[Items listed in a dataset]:
————————
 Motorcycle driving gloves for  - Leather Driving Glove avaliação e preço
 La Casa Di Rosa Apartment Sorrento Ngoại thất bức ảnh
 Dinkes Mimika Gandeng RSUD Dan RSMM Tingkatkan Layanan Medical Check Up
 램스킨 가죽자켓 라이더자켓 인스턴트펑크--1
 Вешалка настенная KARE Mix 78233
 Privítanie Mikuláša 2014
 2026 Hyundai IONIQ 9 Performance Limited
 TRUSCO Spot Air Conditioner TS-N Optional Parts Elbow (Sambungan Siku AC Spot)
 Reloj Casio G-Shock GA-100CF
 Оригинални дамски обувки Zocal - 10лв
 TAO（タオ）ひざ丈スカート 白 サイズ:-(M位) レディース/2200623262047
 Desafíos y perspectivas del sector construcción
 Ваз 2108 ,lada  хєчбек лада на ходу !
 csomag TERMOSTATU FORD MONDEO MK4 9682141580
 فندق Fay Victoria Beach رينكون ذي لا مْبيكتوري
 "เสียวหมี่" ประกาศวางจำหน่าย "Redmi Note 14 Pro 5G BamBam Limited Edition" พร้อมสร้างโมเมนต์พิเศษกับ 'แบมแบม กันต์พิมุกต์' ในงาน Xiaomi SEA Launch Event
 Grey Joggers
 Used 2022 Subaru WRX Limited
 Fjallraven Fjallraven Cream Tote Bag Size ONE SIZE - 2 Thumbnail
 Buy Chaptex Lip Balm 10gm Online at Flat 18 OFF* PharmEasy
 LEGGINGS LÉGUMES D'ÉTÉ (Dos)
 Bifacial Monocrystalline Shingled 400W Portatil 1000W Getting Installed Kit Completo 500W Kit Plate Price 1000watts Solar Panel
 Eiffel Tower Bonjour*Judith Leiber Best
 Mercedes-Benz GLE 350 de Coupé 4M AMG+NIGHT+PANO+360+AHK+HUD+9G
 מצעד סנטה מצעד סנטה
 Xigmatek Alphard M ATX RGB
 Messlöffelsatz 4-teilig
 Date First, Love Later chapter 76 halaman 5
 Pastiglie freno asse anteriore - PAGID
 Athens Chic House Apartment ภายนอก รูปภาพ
————————
[TASK PROMPT]: Your task is to write out, exactly, the line that holds "Xigmatek Alphard M ATX RGB" and every line after it until the records end.

[RESULT OF THIS EXERCISE]:
 Xigmatek Alphard M ATX RGB
 Messlöffelsatz 4-teilig
 Date First, Love Later chapter 76 halaman 5
 Pastiglie freno asse anteriore - PAGID
 Athens Chic House Apartment ภายนอก รูปภาพ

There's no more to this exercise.